It remained unclear how many gunmen and hostages were still cornered in the Westgate shopping center, after a series of loud explosions and gunfire were followed by black smoke billowing from one part of the complex.

Following a pattern of the past three days, bursts of gunfire and activity have been followed by long lulls.

Kenyan Interior Minister Joseph Ole Lenku told a news conference that militants had set fire to mattresses in a supermarket on the mall's lower floors. His ministry later said the blaze was under control.

Ole Lenku said two attackers were killed on Monday, taking the total of dead militants so far to three, and added that none of the raiders was female although some had dressed as women. However, a security source and two soldiers said one white woman attacker had been killed.

President Uhuru Kenyatta dismissed on Sunday a demand that he pull Kenyan forces out of neighboring Somalia.

Kenyatta, who lost one of his own nephews in Saturday's bloodbath, said he would not relent in a “war on terror” in Somalia, where Kenyan troops have pushed al-Shababonto the defensive over the past two years as part of an African Union-backed peacekeeping mission across the northern border.

The gunmen came from “all over the world”, Julius Karangi, chief of the Kenyan general staff, without giving nationalities. “We are fighting global terrorism here,” he said.

US President Barack Obama discusses attack on Nairobi mall on Sept.23, 2013.
US President Barack Obama discusses attack on Nairobi mall on Sept.23, 2013.
In Washington, officials said they were monitoring efforts by al-Shababto recruit in the United States but they had no direction information of any involvement by Americans in the Nairobi attack.
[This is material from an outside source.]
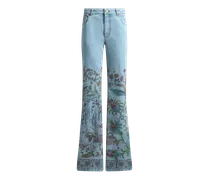 Flared Jeans Aus Denim Mit Platziertem Flora-und-fauna-print, Damen, Hellblau, Größe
President Barack Obama said Washington was offering Kenya all the cooperation it could in handling what he called a “terrible outrage”.

Security officials near the mall said the explosions heard at lunchtime were caused by Kenyan forces blasting a way in, but Ole Lenku said he had no information on any blasts and a military spokesman declined to comment on them.

Al-Shabab said it would kill hostages if police moved in.

Acting cautiously

Echoing other officials, who have highlighted successes in rescuing hundreds of trapped people after Saturday's massacre, Ole Lenku said most of the complex was under the authorities' control and escape was impossible.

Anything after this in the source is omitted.